The previous week, Jacob Mpambani was murdered in broad daylight. The crime lord had been driving his armored Mercedes SUV on the N2, heading into the Cape Bowl. Four men on motorcycles approached from behind, pulled up to the driver’s side, and began firing. Mpambani had acted quickly, slamming the SUV into one of the bikers, sending him careening into a truck. But over a hundred bullets, fifteen of which entered the gangster, finally brought the vehicle for a standstill as a dying Mpambani spun the wheel in a vain attempt to get away and ended up flipping the vehicle onto the shoulder. Ironically, it was the crash that killed him, the engine block shoving the steering wheel into Jacob’s chest with enough force to send half a dozen splintering bones directly into his heart.

Charles could hardly have called Mpambani a friend. But when the gangster had been in Pollsmoor and a part of the ruling 28s, the then-guard had always found him fair and easy enough to deal with, a respected man. The killing, thereby, came as a shock. If somebody on the outside had a beef with Mpambani, it would be his lieutenants who were targeted, not the man himself. He’d earned that. What it suggested to Charles was that a fringe player looking to make a name for himself had foolishly gone after the crime lord. But instead of recognition, the shooters and their minders would earn a bullet to the head.

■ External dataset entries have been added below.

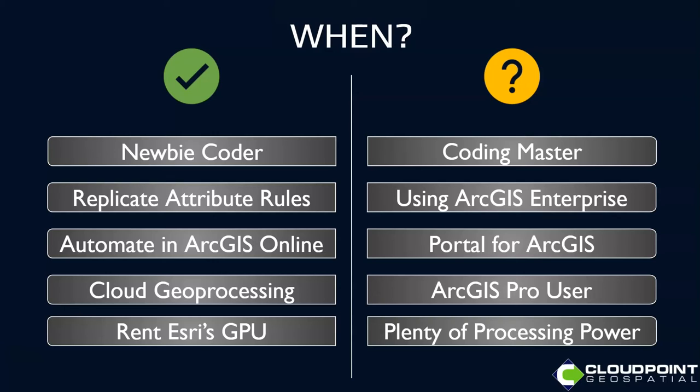Cloud geoprocessing - being able to access some of that geoprocessing through just ArcGIS Online. And then the flip side of that, if you've got a license for ArcGIS Pro, might just be easier to do it there.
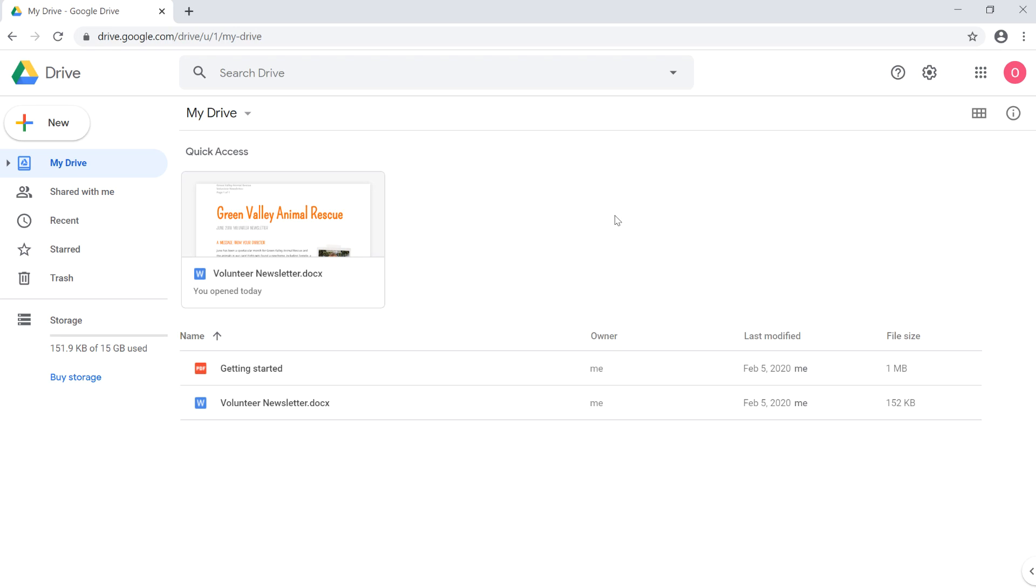Google Drive is a lot more than just a free online storage service. It also allows you to create and edit a variety of different files.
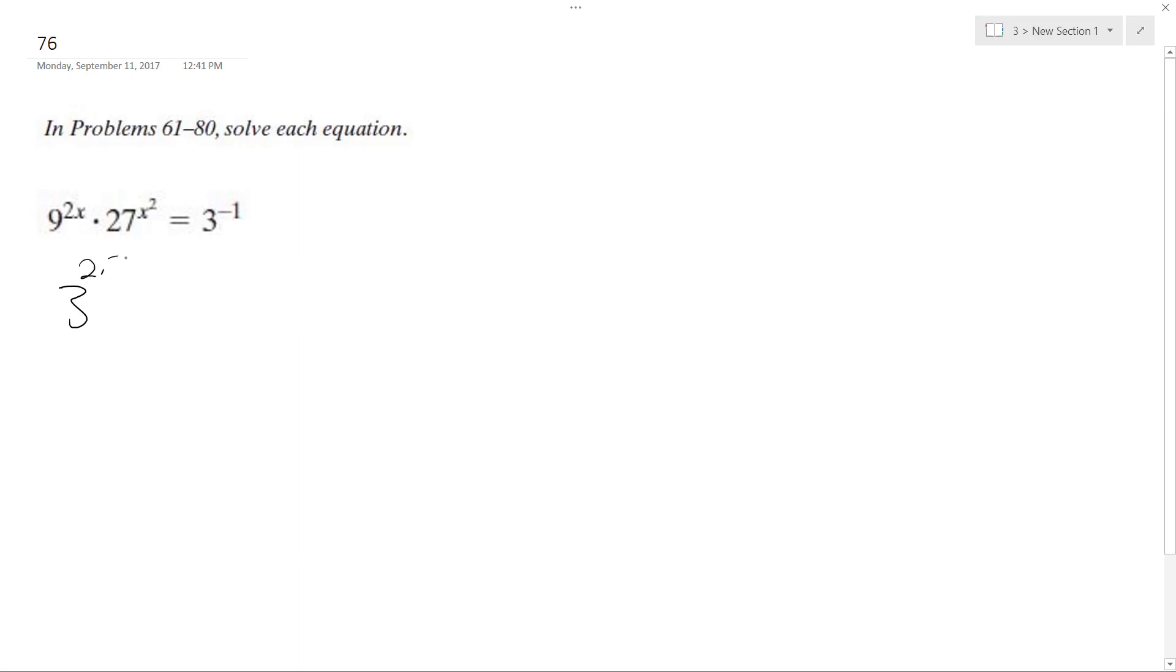So I get 3 to the 2 times 2x, and then I get 3 to the 3 times x squared, is equal to 3 raised to the negative 1. So I can drop these all now. So this 2 times 2x, or actually, hold on, I can't do that yet.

What worried the chief warden of Pollsmoor was that the score settling would overflow into the prison. He now wondered if the midnight assassination pulling him from his bed was the first of it.

Another glance to the girl, whose name he couldn’t recall though it was the first question he always asked, filled him with greater regret. The opportunities were so fleeting, and he wanted to take full advantage, knowing it would have to keep him going for weeks, if not months. But now he drank up her visage, trying to commit every curve and nuance to memory. Her perfect, slender legs, her immaculate breasts, the smoothness of her skin under his fingertips from moments before. He knew, however, that it would be only days before mere flashes remained.

One of those flashes, he knew, would be the way she gamely arched her eyebrow back in the bar when he’d slipped his address to her. Of course, her coming home with him was a foregone conclusion. But they’d still gone through the motions of subterfuge, as if this had been the first time they’d met. So his bold proposition was still treated as such, the girl feigning hesitation and surprise, as if unsure whether she should be offended or tempted by his chutzpah.

Dare I
? that raised eyebrow seemed to ask.

He had responded by offering her a warm smile, then rising to exit the bar.

The sex had been great, but it was none of his doing. It took the woman, the
girl
, if he was honest, only a few minutes to assess the balance between sophistication and innocence he required of her, and she proved worthy of RADA in her subsequent effort. She was so charmed by him, so turned on, so surprised at her own susceptibility. That she kept this going when he asked her if she needed a ride, even though the night was clearly over, impressed him that much more.